There might be reforms to the present rules that would shorten trials substantially without increasing the error rate. Even if shortening trials did raise the error rate, convicted more innocent defendants or acquitted more guilty ones, only a few percent of defendants in the present system get a trial. The error rate of a shorter trial might still be lower than the error rate produced by the present system.
What about ways of cutting the number of cases? One is to legalize victimless crimes such as drugs, gambling and prostitution, which should cut the number of cases at least some; a quick google suggests that victimless crimes represent something between ten and fifty percent of criminal charges. Penalizing either the government or the prosecutor for charging people who turn out to be innocent, as I suggested above, should also reduce the number of indictments, in particular the number of indictments of innocent defendants.
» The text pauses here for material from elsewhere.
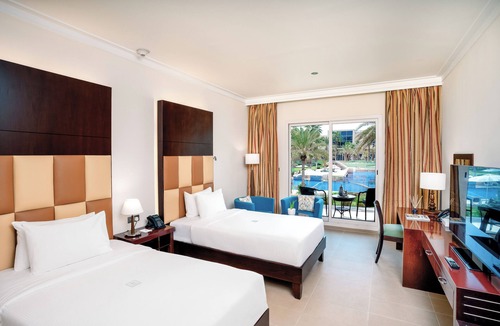 Al Mafraq Hotel | Metropolitan Al Mafraq Hotel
Even without those changes, abolishing plea bargaining raises the cost to the prosecution of charging someone with a crime, since unless the defendant decides to plead guilty without the incentive of a reduced sentence there will be a trial and trials absorb prosecutorial resources. If charging people becomes more expensive to the organization that does it the number charged should go down.
Would some combination of such effects make it possible to abolish plea bargaining without greatly increasing the resources spent on trying cases? I do not know.
[I have also added this to the previous post for the benefit of anyone who reads it in the future]
We need for people who commit crimes to be more reliably punished, even if the individual punishment is lighter. We need to reduce the expense of punishment.
The current tendency is for heavier punishment; ever heavier penalties rather than more reliable enforcement.
I would prefer restricting prosecutors to one charge per criminal act.
Most of the people in prison for drug offenses were arrested for violent crimes.
> Even without those changes, abolishing plea bargaining raises the cost to the prosecution of charging someone with a crime, since unless the defendant decides to plead guilty without the incentive of a reduced sentence there will be a trial and trials absorb prosecutorial resources. If charging people becomes more expensive to the organization that does it the number charged should go down.
Let me ask you this question point blank: Are you actually trying to come up with realistic proposals, or are you just trying to engage in ideological grandstanding?
I liked your book on different legal systems and so want to believe you're arguing in good faith; however, it becomes very difficult to maintain that belief when you keep producing nonsense like the above paragraph.
Given that 98% of cases end in plea bargains, your emphasis on reducing the number of cases prosecuted suggests (even under generous assumptions) you think it's reasonable for 90% of victimful crimes to simply be ignored.